**What to do**
Leave out the pictures and copy everything else in the entries exactly.

#####

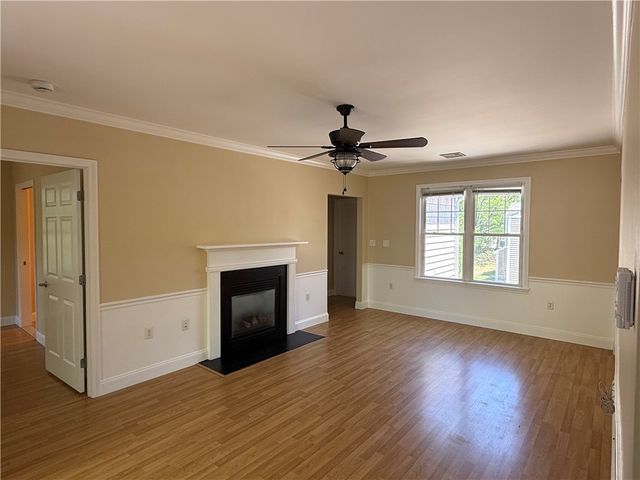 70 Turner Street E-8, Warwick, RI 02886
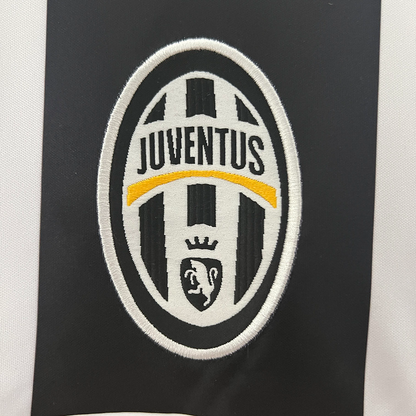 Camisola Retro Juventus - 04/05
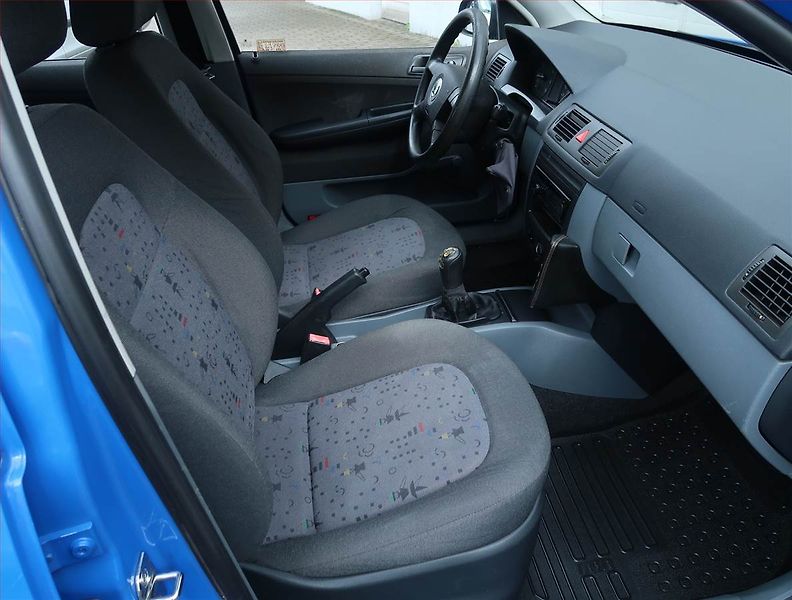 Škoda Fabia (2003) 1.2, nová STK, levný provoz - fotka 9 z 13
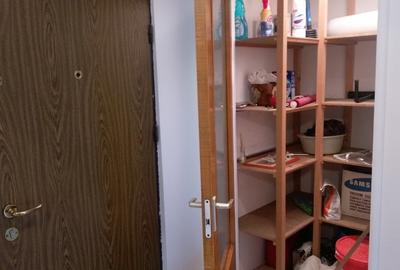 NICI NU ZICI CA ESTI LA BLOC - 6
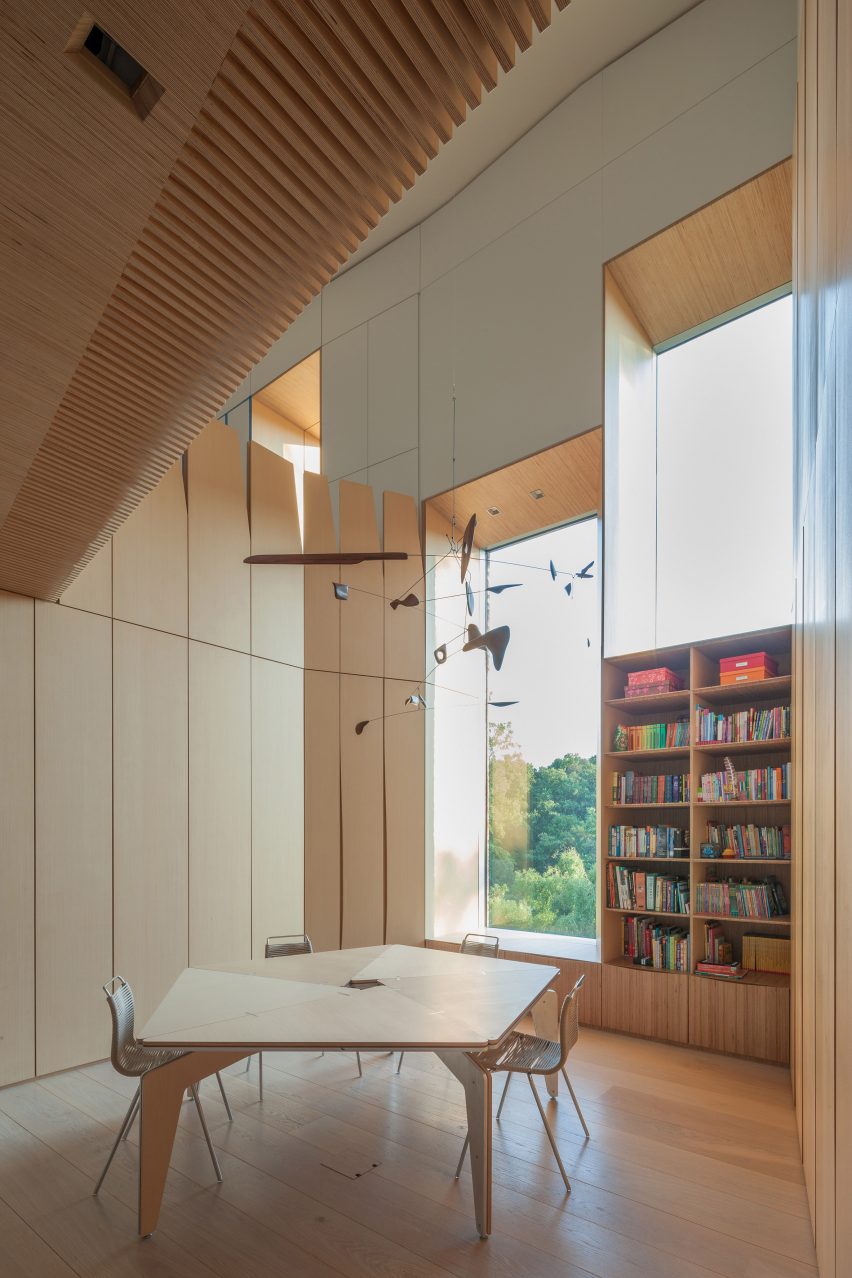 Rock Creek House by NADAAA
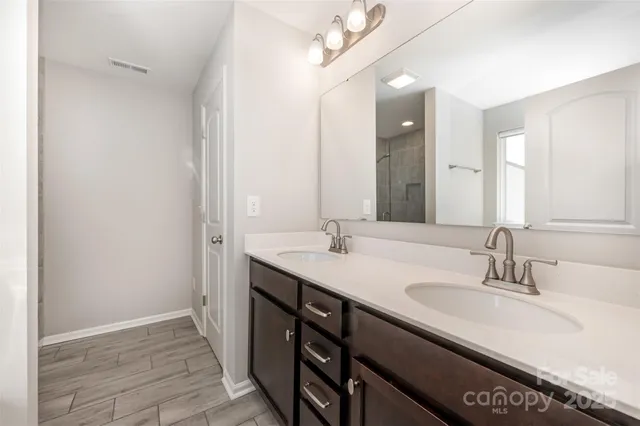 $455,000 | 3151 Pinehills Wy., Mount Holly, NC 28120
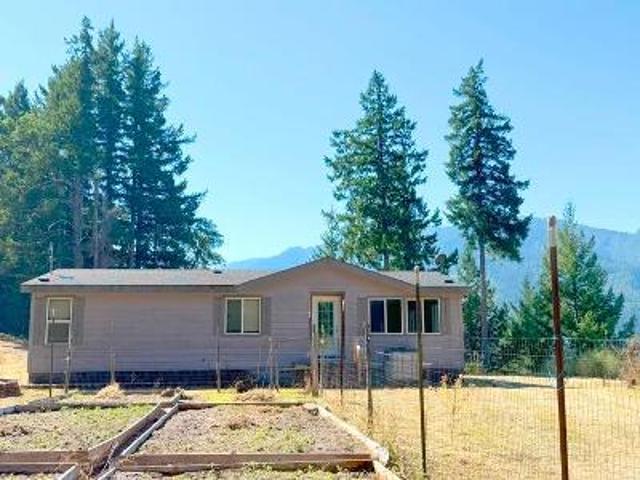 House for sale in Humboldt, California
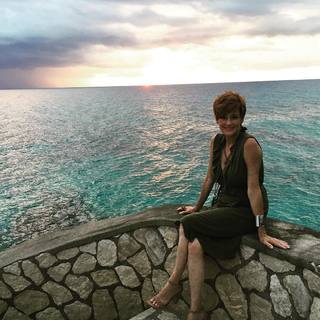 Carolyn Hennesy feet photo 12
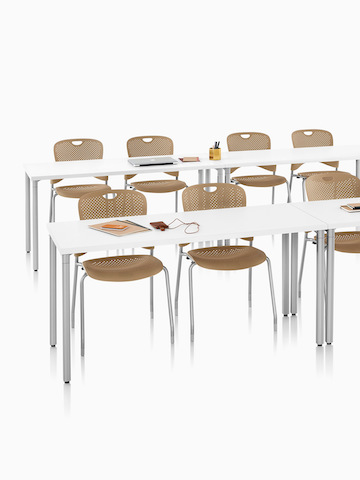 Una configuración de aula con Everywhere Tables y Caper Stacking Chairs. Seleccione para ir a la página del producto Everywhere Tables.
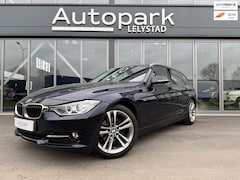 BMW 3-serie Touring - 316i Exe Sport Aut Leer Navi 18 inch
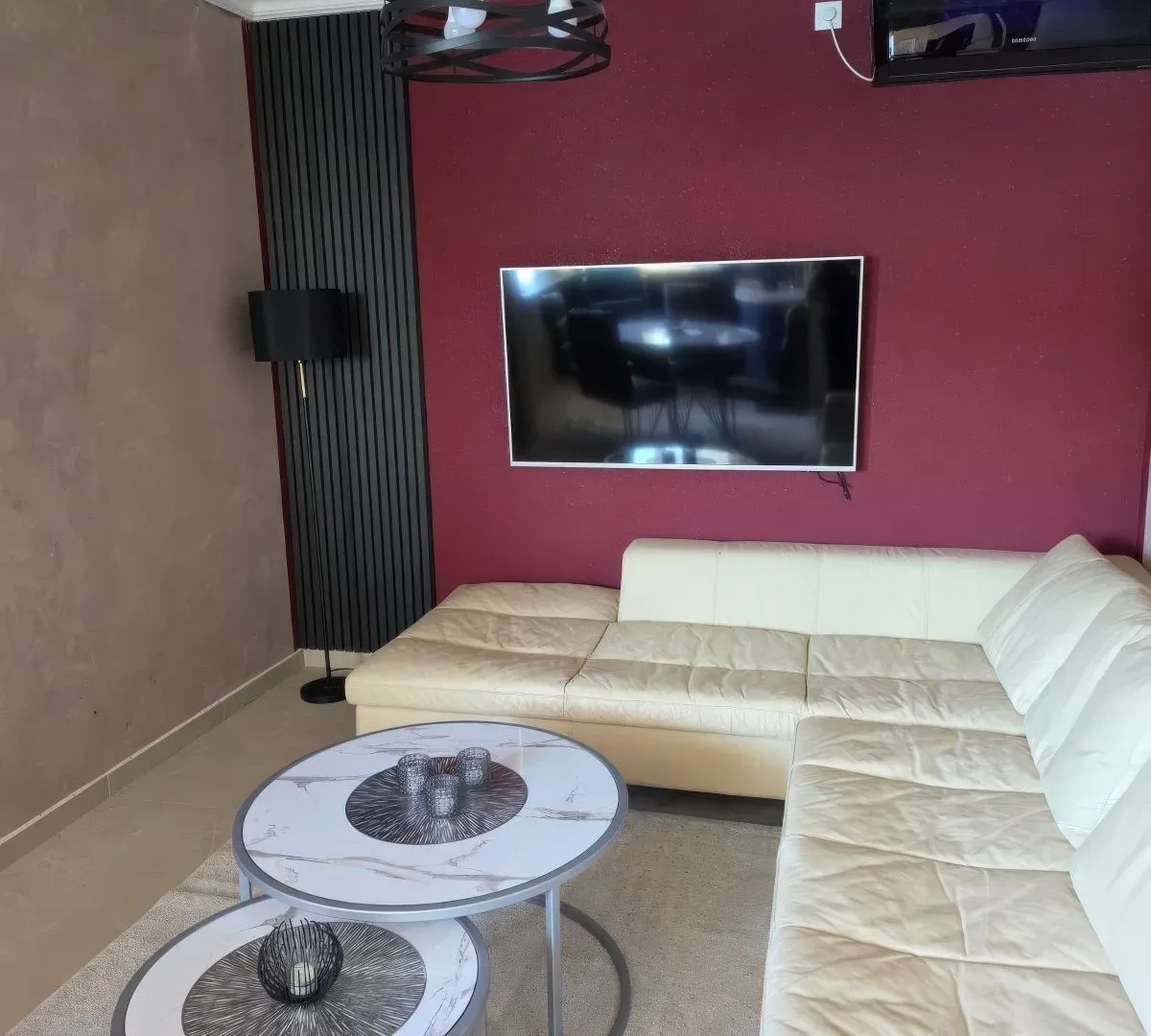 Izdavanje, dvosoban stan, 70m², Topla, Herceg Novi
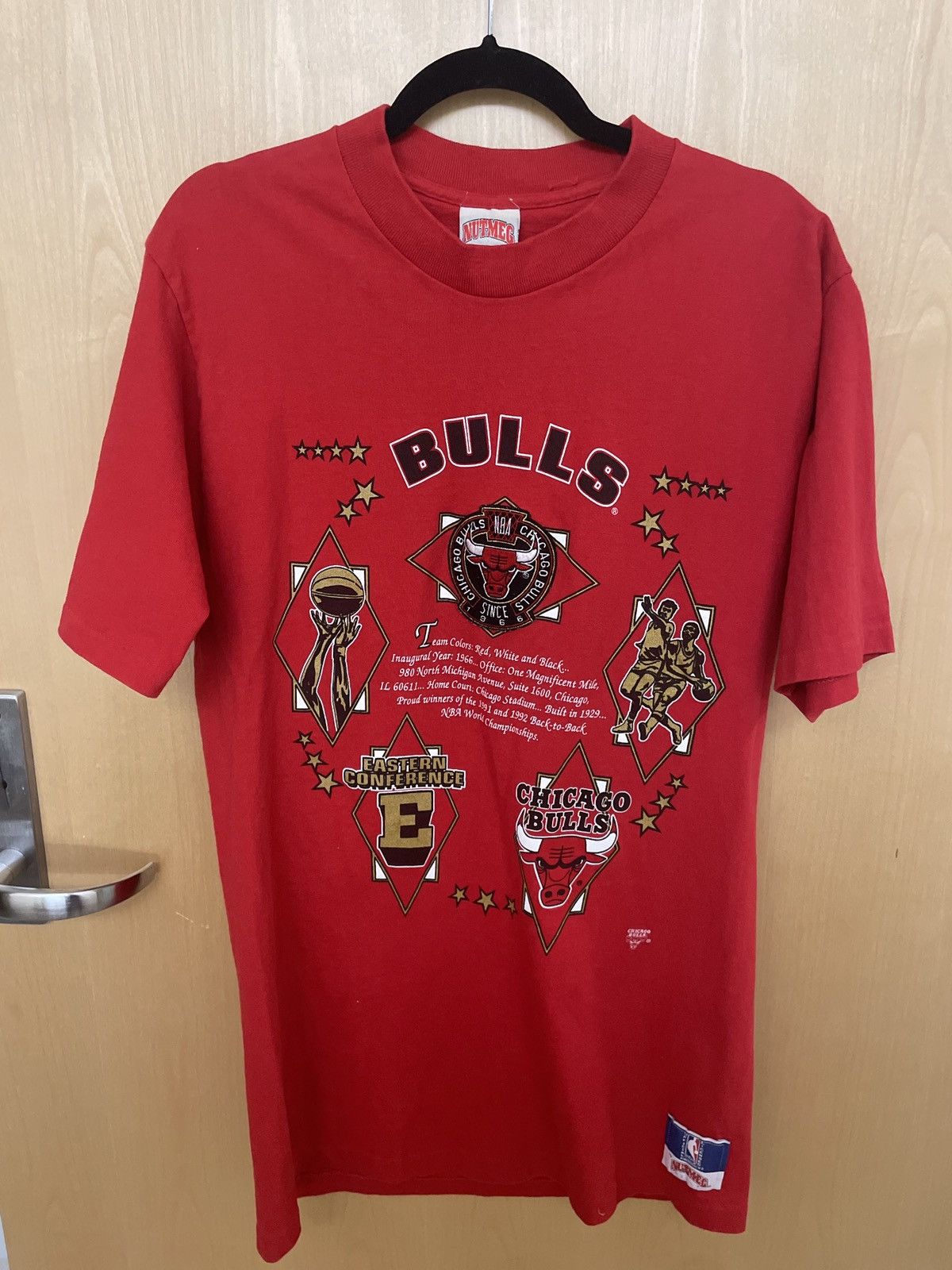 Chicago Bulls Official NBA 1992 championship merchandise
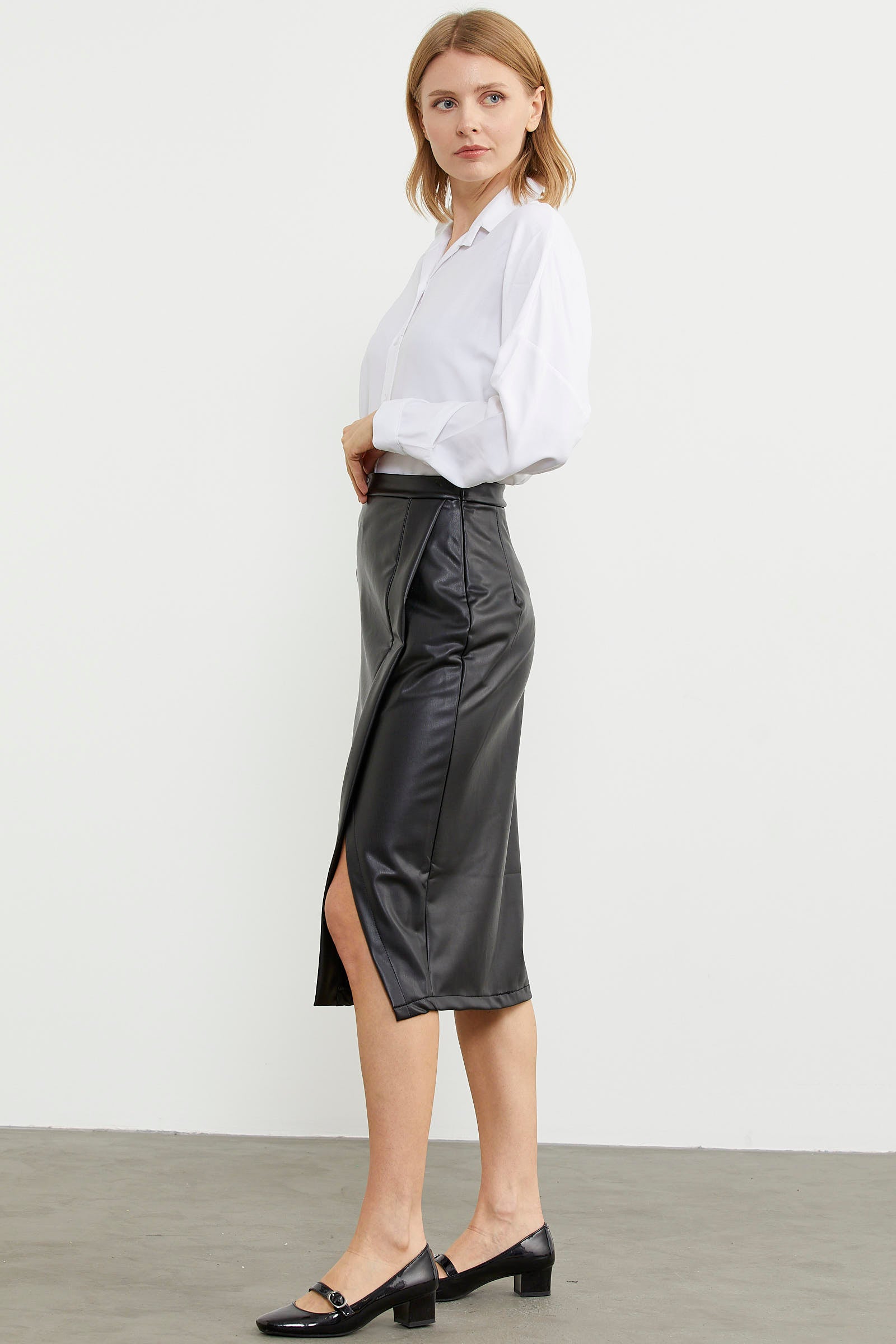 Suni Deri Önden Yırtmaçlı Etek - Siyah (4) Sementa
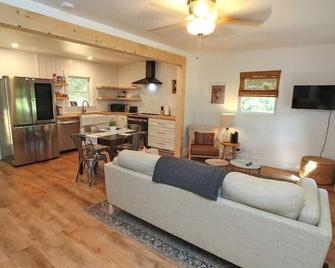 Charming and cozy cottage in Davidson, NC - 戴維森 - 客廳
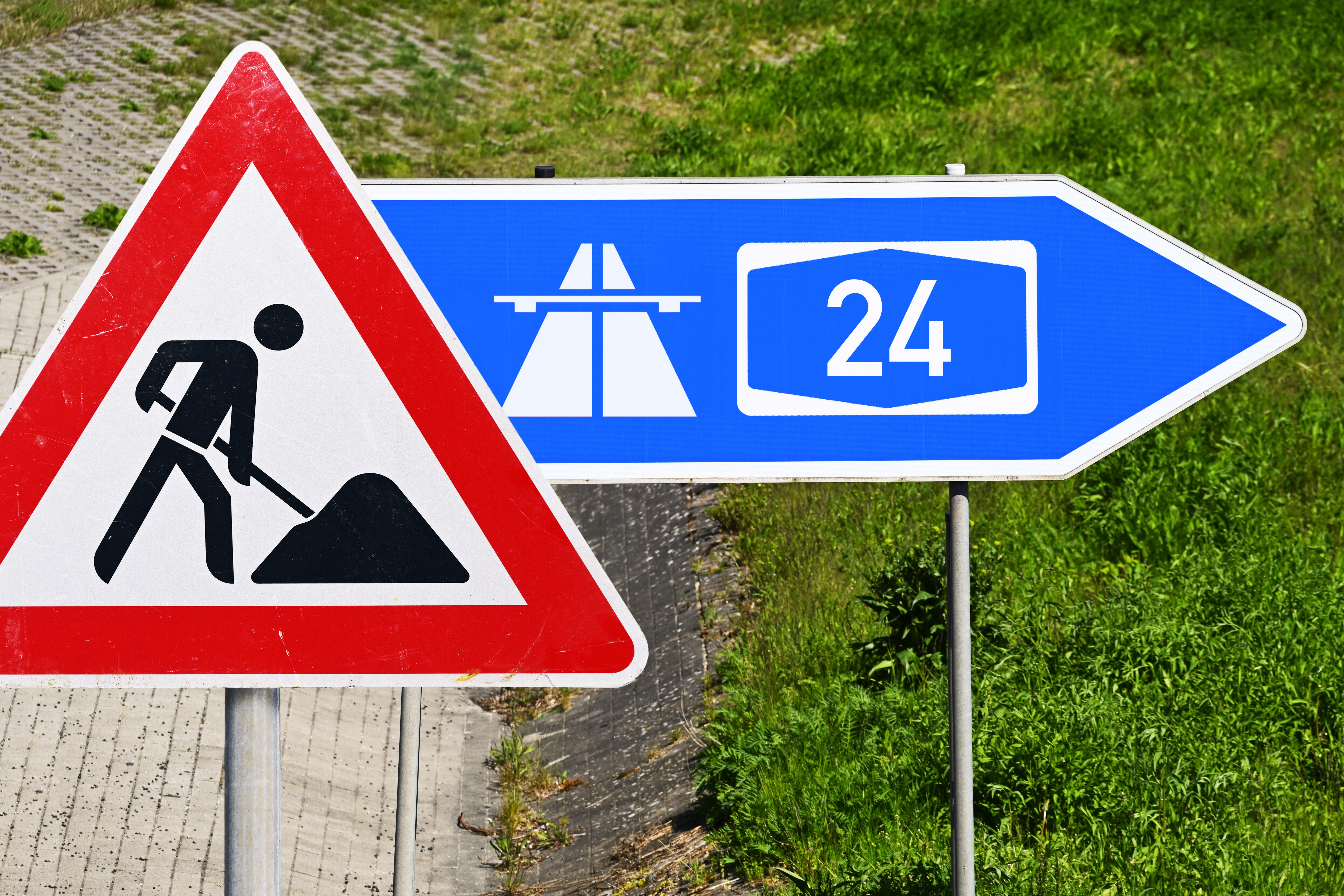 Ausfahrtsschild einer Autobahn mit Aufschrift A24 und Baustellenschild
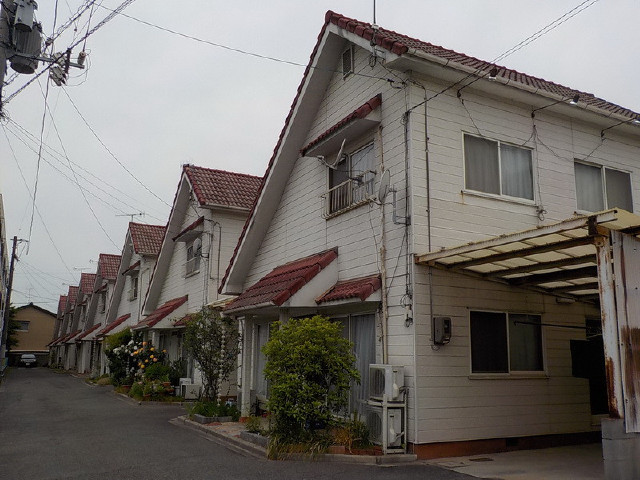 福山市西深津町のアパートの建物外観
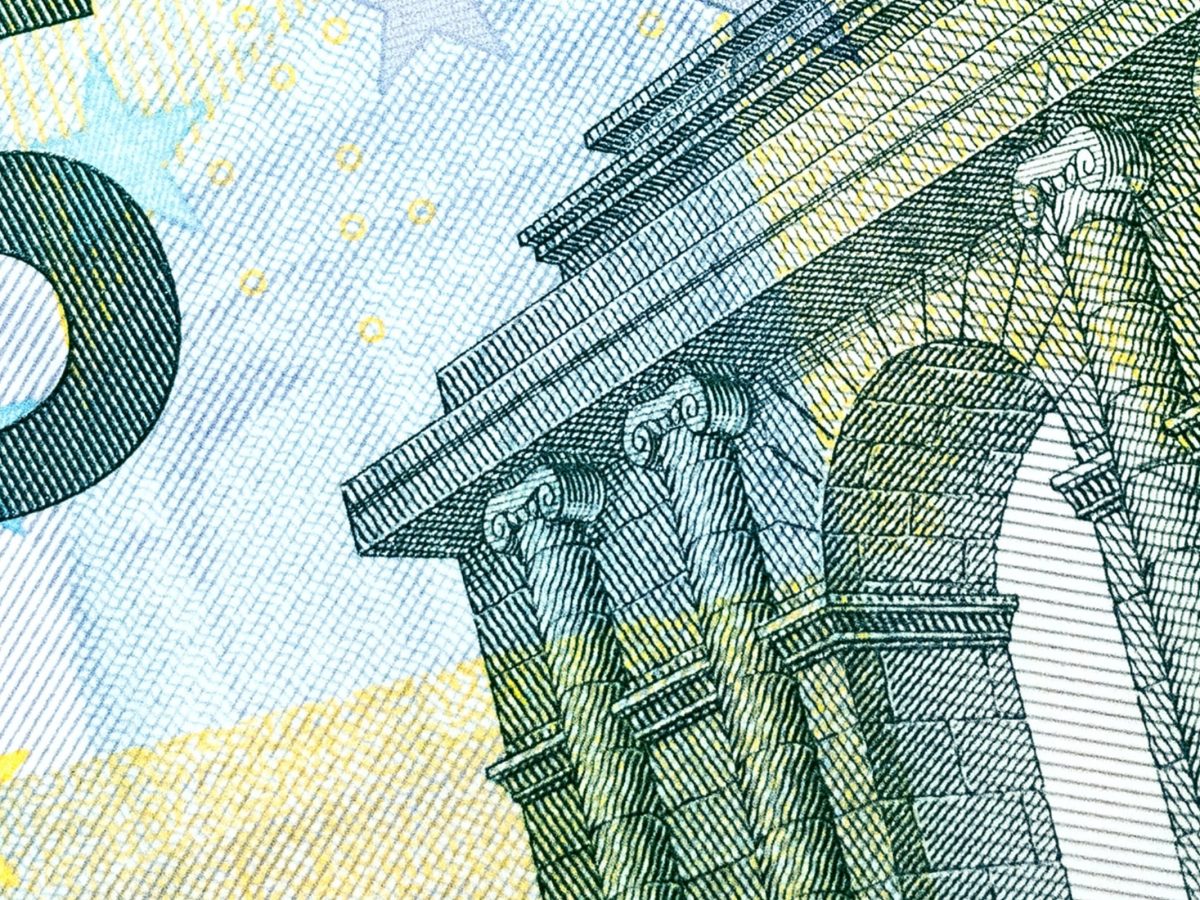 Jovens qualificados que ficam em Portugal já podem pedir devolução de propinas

#####

**Written response**
 70 Turner Street E-8, Warwick, RI 02886
 Camisola Retro Juventus - 04/05
 Škoda Fabia (2003) 1.2, nová STK, levný provoz - fotka 9 z 13
 NICI NU ZICI CA ESTI LA BLOC - 6
 Rock Creek House by NADAAA
 $455,000 | 3151 Pinehills Wy., Mount Holly, NC 28120
 House for sale in Humboldt, California
 Carolyn Hennesy feet photo 12
 Una configuración de aula con Everywhere Tables y Caper Stacking Chairs. Seleccione para ir a la página del producto Everywhere Tables.
 BMW 3-serie Touring - 316i Exe Sport Aut Leer Navi 18 inch
 Izdavanje, dvosoban stan, 70m², Topla, Herceg Novi
 Chicago Bulls Official NBA 1992 championship merchandise
 Suni Deri Önden Yırtmaçlı Etek - Siyah (4) Sementa
 Charming and cozy cottage in Davidson, NC - 戴維森 - 客廳
 Ausfahrtsschild einer Autobahn mit Aufschrift A24 und Baustellenschild
 福山市西深津町のアパートの建物外観
 Jovens qualificados que ficam em Portugal já podem pedir devolução de propinas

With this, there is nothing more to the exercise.